An academic study concluded that Business Ethics' list of 100 Best Corporate Citizens generated better returns than the remaining companies on the S&P 500.
SocialFunds.com -- Last week, Business Ethics announced its third annual list of the 100 Best Corporate Citizens, which appears in the March/April 2002 Issue of the Minneapolis-based magazine. In addition to recognizing companies' corporate social responsibility (CSR) toward stakeholders that include the environment and the community, the list also ranks companies' service to shareowners, thus also factoring in financial performance. Interestingly, last year's list served as the basis for an academic study correlating better social and environmental performance with better financial performance.
The study shows that overall financial performance of the 2001 Business Ethics Best Citizen companies was significantly better than that of the remaining companies in the S&P 500 index, based on the 2001 Business Week ranking of total financial performance," said DePaul University Professor Curtis C. Verschoor in the January 2002 Strategic Finance magazine article announcing the study, which he conducted in collaboration with Assistant Professor Elizabeth A. Murphy. "The difference between the performance of the Best Citizens and the others was strikingly large," Professor Verschoor continued.
The DePaul study worked from total financial performance rankings conducted by Business Week magazine on the S&P 500 index. The ranking was based on eight statistical criteria, including total return, sales growth, and profit growth over the one-year and three-year periods, as well as net profit margins and return on equity. The Best Citizens scored ten percentile points higher than the mean ranking of the remainder of the S&P 500 companies.

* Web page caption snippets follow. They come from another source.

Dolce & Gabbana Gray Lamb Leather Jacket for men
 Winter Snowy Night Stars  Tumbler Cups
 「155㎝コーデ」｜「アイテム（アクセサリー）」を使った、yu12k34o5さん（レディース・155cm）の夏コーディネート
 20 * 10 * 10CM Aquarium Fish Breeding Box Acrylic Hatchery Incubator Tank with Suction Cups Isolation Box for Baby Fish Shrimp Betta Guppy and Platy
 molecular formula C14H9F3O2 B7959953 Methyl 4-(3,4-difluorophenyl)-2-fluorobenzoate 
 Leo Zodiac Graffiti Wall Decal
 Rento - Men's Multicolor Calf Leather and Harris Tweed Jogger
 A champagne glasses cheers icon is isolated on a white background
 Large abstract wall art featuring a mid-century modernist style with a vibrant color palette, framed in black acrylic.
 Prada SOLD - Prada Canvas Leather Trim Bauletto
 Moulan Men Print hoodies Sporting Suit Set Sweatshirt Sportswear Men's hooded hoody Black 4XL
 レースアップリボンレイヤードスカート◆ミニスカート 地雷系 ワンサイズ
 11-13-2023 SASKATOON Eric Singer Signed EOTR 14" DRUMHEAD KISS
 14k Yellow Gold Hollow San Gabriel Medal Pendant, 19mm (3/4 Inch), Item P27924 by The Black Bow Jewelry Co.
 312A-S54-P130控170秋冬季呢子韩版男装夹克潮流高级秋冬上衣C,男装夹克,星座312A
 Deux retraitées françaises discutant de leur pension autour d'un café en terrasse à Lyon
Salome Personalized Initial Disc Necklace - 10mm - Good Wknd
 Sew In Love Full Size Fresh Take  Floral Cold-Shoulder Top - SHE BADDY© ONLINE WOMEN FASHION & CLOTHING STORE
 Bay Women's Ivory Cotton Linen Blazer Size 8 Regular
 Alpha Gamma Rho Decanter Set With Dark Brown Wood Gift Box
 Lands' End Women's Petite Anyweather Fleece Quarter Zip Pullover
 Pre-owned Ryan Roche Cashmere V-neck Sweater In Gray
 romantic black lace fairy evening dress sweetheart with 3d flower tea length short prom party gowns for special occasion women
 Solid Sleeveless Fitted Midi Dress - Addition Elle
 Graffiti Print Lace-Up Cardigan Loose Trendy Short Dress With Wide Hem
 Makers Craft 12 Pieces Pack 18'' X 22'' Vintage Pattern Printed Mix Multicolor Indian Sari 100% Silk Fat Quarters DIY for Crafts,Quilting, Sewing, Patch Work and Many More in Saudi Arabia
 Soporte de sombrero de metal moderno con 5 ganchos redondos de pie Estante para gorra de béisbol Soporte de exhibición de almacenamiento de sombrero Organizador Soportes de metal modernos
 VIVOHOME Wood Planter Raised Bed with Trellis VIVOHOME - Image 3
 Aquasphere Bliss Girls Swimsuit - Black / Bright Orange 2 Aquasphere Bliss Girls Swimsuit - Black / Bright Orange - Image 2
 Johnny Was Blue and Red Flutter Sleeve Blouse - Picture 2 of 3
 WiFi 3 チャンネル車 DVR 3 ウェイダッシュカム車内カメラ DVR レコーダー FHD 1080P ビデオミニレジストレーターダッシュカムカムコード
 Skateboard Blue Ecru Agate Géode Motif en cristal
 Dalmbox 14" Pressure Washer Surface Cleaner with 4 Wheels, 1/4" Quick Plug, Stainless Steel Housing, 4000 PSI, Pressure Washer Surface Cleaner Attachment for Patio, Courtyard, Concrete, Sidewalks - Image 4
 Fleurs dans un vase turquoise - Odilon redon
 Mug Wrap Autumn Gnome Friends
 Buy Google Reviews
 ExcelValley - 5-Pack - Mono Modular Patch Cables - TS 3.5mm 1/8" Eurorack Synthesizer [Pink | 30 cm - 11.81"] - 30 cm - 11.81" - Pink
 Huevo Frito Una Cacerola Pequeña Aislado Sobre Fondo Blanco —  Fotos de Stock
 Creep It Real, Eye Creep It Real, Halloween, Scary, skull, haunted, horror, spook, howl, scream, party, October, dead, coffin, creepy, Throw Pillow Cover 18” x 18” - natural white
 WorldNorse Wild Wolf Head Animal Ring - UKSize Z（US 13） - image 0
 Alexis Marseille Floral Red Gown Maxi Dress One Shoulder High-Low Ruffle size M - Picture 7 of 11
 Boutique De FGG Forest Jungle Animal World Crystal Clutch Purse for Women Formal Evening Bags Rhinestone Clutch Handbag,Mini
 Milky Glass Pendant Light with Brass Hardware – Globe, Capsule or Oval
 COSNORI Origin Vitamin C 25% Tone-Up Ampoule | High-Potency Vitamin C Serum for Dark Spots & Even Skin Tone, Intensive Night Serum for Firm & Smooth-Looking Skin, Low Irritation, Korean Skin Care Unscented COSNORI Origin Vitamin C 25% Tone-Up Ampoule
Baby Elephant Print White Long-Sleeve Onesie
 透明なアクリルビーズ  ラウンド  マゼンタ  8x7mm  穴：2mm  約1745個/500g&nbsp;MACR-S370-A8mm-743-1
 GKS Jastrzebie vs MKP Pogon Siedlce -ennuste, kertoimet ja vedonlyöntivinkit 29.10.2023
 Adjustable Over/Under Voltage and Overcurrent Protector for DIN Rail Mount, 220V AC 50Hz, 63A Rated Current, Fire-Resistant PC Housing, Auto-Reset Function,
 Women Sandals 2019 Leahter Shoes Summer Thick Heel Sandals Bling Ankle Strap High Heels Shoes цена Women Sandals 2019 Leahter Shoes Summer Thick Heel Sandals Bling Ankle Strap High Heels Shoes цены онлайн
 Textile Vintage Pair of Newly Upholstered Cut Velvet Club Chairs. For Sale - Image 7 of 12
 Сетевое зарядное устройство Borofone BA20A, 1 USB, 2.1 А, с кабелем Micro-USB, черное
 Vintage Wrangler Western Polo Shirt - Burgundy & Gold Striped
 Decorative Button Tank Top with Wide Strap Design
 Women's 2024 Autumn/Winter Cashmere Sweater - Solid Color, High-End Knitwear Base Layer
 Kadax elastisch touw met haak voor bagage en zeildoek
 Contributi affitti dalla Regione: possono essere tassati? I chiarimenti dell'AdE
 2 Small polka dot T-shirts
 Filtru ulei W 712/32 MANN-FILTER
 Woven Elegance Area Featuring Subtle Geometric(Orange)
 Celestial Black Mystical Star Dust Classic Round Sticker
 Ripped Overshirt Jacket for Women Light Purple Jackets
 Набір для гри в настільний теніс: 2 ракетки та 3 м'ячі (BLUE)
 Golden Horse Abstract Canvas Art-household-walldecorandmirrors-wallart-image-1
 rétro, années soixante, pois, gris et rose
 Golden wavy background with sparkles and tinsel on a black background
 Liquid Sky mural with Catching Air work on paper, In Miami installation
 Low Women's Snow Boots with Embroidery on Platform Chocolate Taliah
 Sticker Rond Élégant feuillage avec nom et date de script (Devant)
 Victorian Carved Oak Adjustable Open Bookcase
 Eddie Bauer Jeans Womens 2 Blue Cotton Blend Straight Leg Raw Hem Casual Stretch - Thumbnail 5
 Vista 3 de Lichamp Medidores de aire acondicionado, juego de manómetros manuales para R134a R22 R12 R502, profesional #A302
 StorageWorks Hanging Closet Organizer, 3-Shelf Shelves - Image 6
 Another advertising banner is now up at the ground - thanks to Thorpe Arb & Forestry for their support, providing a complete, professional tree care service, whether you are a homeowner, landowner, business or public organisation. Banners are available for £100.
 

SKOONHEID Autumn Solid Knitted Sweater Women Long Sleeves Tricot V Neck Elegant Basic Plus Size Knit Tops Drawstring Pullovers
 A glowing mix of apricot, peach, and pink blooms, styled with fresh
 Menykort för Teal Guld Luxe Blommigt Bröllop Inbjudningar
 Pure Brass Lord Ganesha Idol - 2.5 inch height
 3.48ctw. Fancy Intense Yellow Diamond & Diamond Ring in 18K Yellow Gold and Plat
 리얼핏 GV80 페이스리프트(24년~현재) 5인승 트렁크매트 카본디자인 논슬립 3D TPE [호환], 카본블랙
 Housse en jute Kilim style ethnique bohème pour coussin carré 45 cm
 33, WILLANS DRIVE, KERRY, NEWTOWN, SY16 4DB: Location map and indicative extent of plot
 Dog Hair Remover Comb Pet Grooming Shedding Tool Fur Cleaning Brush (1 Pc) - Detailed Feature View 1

“The DePaul University study offers evidence that good corporate citizenship is a superior form of management,” said Business Ethics Editor and Publisher Marjorie Kelly. “These top companies perform substantially better than their S&P 500 peers, in strictly financial terms. It simply makes sense: managing a company for one measure alone--shareholder value--is like flying a 747 solely for maximum speed. You can shake the plane apart in the process.”